Antonio est revenu aux arènes le jeudi 30 mai à Cordoue. Sans peine ni gloire.
Le contrat suivant, c'était Madrid. La San Isidro. Et la transformation d'un torero jusqu'ici taxé de pueblerino (tout juste bon à charmer le public des villages).
On peut se faire une idée de l'émotion ressentie par le publice de Madrid en regardant la vidéo , mais quand la tauromachie atteint cette intensité, rien ne saurait en rendre compte. C'est ce qu'explique parfaitement le critique du quotidien El País, Antonio Lorca, connu par ailleurs pour son intransigeance.
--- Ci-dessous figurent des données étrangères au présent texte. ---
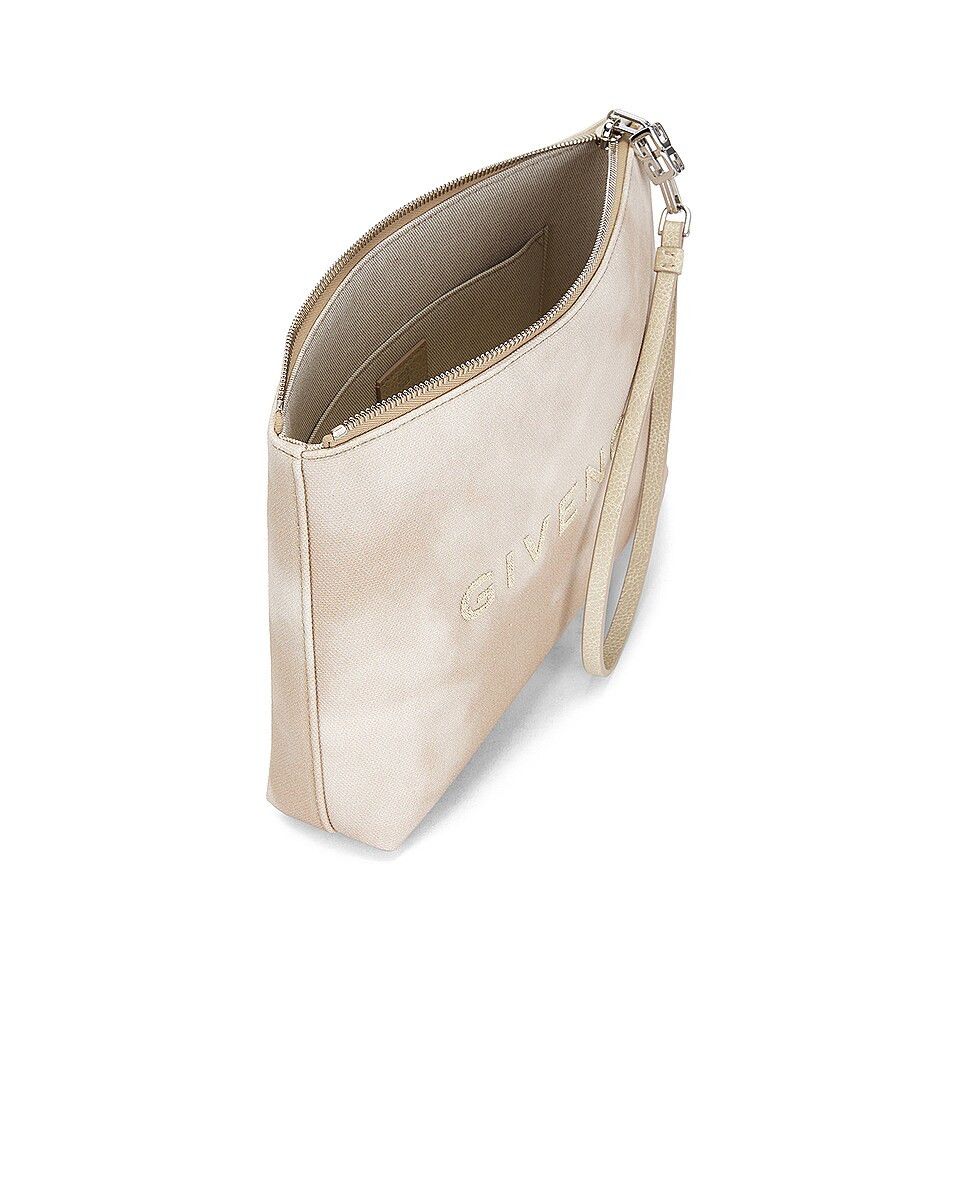 Givenchy o1w1db10525 Size: OS/Travel Pouch in Dusty Golden Size ONE SIZE - 4 Thumbnail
Nous avons tenté de traduire son article.
Inénarrable; absolument inénarrable. La lidia du premier toro est un des événements les plus émouvants et excitants qu'on puisse voir dans une arène. Les protagonistes : Antonio Ferrera, un torero super inspiré, transfiguré, reconverti en un artiste total et un toro de Zalduendo magnifique, cornes acérées, très noble et combatif.
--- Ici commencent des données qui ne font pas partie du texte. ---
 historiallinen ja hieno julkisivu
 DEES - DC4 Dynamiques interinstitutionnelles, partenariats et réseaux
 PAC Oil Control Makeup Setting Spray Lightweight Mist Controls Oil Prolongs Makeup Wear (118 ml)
Cela n'a duré que quelques minutes, mais il flottait un parfum d'éternité; une arène comme en pâmoison, émue au plus profond par une tauromachie nouvelle, classique, inventée par un homme débordant de grâce et de torería.
Comment raconter ça? L'art, il faut le vivre pour le ressentir. Bénis soient ceux qui ont eu la chance d'assister à cet exploit, parce que ni le récit ni la vidéo ne sont capables de rendre compte de la palpitante grandeur du mystère taurin.
Le premier signe, Ferrera l'a donné en plaçant le toro pour la pique avec une larga impeccable et très personnelle; ensuite, il l'a fait sortir de la rencontre avec le picador en tenant la cape dans le dos, c'est le fameux quite de oro, inventé par le mexicain Pepe Ortiz; puis il a attendu que Montoliú brille banderilles en main, il a pris épée et muleta et s'est avancé jusqu'au milieu du cercle. Une fois arrivé là, il a fléchi le genou droit, s'est agenouillé dans le sable, a dédié son œuvre au ciel et a fait le signe de la croix. Il allait se passer un truc étrange…
Il appelle le toro de loin, la muleta dans la main gauche. Et la symphonie commence, elle restera dans nos souvenirs. Les quatre ou cinq premières naturelles sont d'une texture exquise. Rythmées, belles, croustillantes… Puis le torero jette son épée au sol.
Encore deux naturelles, le toro s'intéresse un instant à la montera sur le sable, la muleta passe dans la main droite et décrit des tracés au bord de l'évanouissement conclus par une brillante passe de poitrine
Un autre appel lointain pour des naturelles. Une, deux, trois, fantastiques et un changement de main précieux.
Ferrera s'éloigne du toro - ces qualités sont reconnues, noblesse, combativité, rythme, rapidité, détermination - puis il revient et dessine quatre passes de la droite parfaitement relâchées. Il s'éloigne de nouveau du toro. Voici maintenant les dernières petites touches d'une tauromachie comme envoûtée. Voici la tauromachie grandiose, émouvante, inquiétante, profonde et mystérieuse.
Viennent encore les trincherillas, une passe du mépris et il laisse le toro, la muleta sur les épaules il regagne la barrière!
Ferrera prend alors l'épée, cherche à placer le toro dans la meilleure position possible et quand il y parvient, nouvelle surprise! Il recule de huit mètres environ, prépare l'épée, appelle le toro, le toro vient vers lui. L'épée s'enfonce complètement.
L'arène explose, les mouchoirs blancs l'envahissent. L'incompréhensible intransigeance du président fait qu'on ne donne qu'une oreille et qu'on entend alors une des plus bruyantes engueulades de l'année.